Crawford throws ball to carter. 

A williams no good, aD rebounds

Davis for two! 76-71

Palacio misses, crawford rebounds.

Jamal for open three!! 79-71.


----------



## curry_52 (Jul 22, 2002)

> Originally posted by <b>truebluefan</b>!
> Offensive boards lead to more shot opportunities


:allhail:


----------



## truebluefan (May 27, 2002)

For the ribs, I picked a bulls loss. But I will be very happy should we win this game. Especially short handed and with all that Rose said earlier in the week.


----------



## fleetwood macbull (Jan 23, 2004)

Raptors, dead fish
Bulls have a pulse


----------



## Bulls96 (Jun 25, 2003)

> Originally posted by <b>truebluefan</b>!
> For the ribs, I picked a bulls loss. But I will be very happy should we win this game. Especially short handed and with all that Rose said earlier in the week.


Don't worry, if I win the ribs, I will share with you .:yes:


----------



## truebluefan (May 27, 2002)

6:38 left. Bulls have 20 t/o!!

Rose back in game

Marshall misses a three. Kirk rebounds

Dupree misses JYD rebounds

Davis misses, OOB to Toronto

Marshall misses, AD rebounds!! one and out!

Hinrich fouled! A Williams
80-71
Curry in! 
81-71


----------



## MikeDC (Jul 16, 2002)

Who else would trade Curry for Bosh?


----------



## unBULLievable (Dec 13, 2002)

Curry is irritating


----------



## curry_52 (Jul 22, 2002)

> Originally posted by <b>Mikedc</b>!
> Who else would trade Curry for Bosh?


Thanks God you are not Pax!!!

:yes:


----------



## Darius Miles Davis (Aug 2, 2002)

Nah, I wouldn't trade Curry for Bosh. Not quite yet.

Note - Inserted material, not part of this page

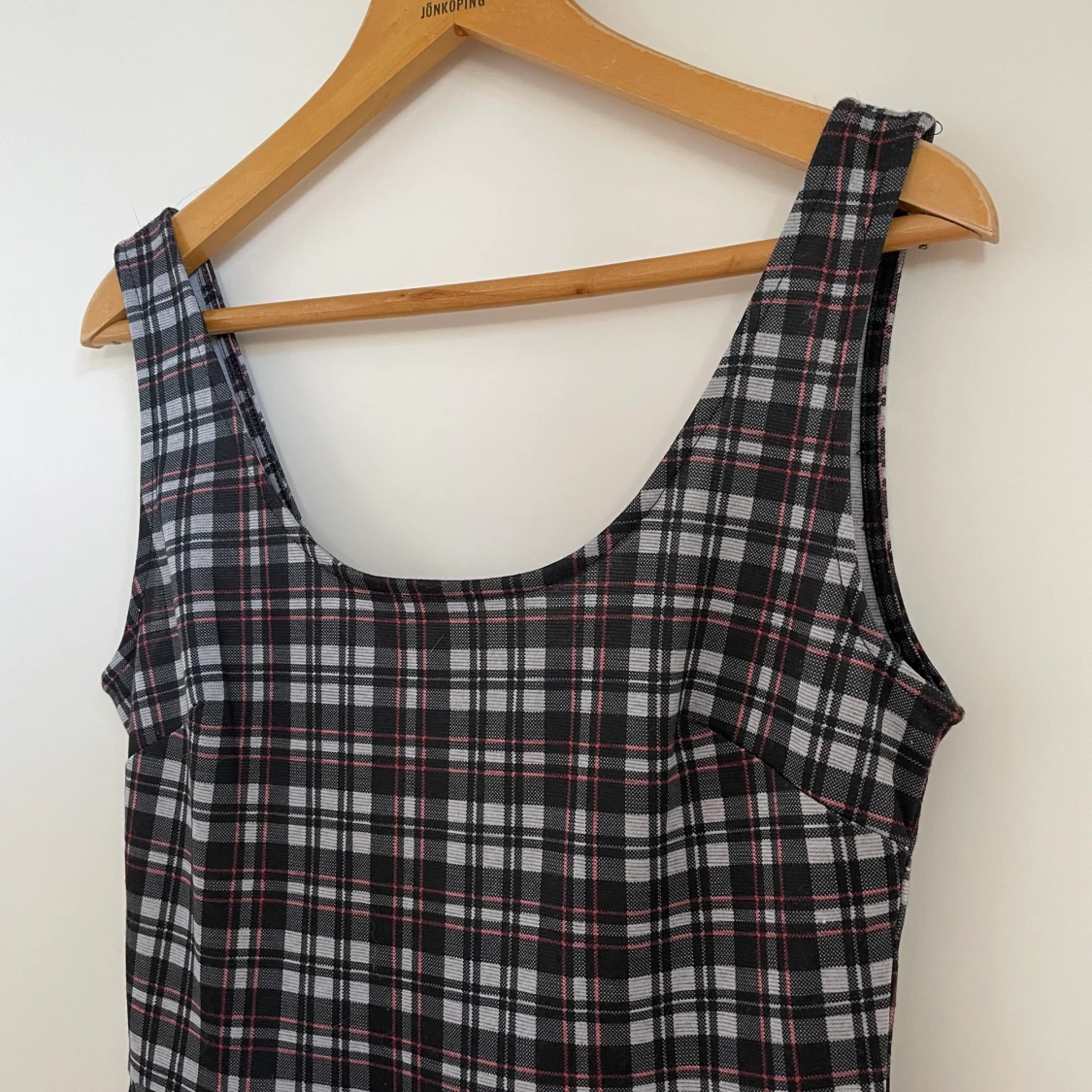 Rutig klänning - 91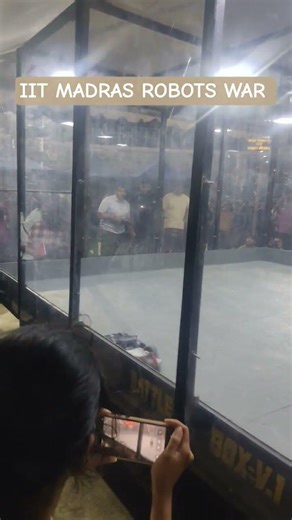 IIT MADRAS ROBOTS WAR 🤖 #iitm #iitmadras #Robotwars #robowars #iitrobots #iitbombay #iitdelhi #iits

Speaking of Eddy, has anyone passed him the ball in the second half?


----------



## truebluefan (May 27, 2002)

Bosh fouled by Davis
misses first ft! 
81-72

Crawford floater is good. 83-72

Carter misses, whistle....Curry foul. 

Bosh going to foul line. 
83-73
83-74

Marshall fouls, AD 
84-74 (14 rebounds)
85-74


----------



## jnrjr79 (Apr 18, 2003)

Man, Jalen got away with a huge travel! Larrivee doesn't mention it, but compliments his "nice touch".


----------



## spongyfungy (Oct 22, 2003)

perfect screen and roll Crawford commanding the double team and AD finished with a jumper.


----------



## MikeDC (Jul 16, 2002)

I don't recall seeing Curry get a pass n offense. He's grabbed a few boards though. And at least he's staying on the court.

I just love what Bosh does, however. He's really smart, has a nice shot... wants to win.


----------



## truebluefan (May 27, 2002)

Rose hits a jumper 85-76

Davis 15 ft shot 87-76 AD double double 3:36

Carter misses, rebound by dupree and foul on dupree


----------



## jnrjr79 (Apr 18, 2003)

> Originally posted by <b>Mikedc</b>!
> 
> I just love what Bosh does, however. He's really smart, has a nice shot... wants to win.



And he doesn't seem to require 18 years to develop into a productive player.


----------



## rlucas4257 (Jun 1, 2002)

I know PC picked the Raptors cause I went with the Bulls. Ill have to see who AL picked. Damn I hope its the Raptors.

I wonder what my magic number is?


----------



## MikeDC (Jul 16, 2002)

Jamal's better than Jalen. I wish we could play against him every night.


----------



## truebluefan (May 27, 2002)

Bosh fts
87-77
87-78

3:20 left

Hinrich misses, rebound toronto, A Williams fouled in back court
Williams ft misses first
87-79

Crawford misses, toronto rebounds. 

foul called again! 2:28 87-79

We cannot let them score at the foul line. Time was on our side!


----------



## truebluefan (May 27, 2002)

> Originally posted by <b>Mikedc</b>!
> Jamal's better than Jalen. I wish we could play against him every night.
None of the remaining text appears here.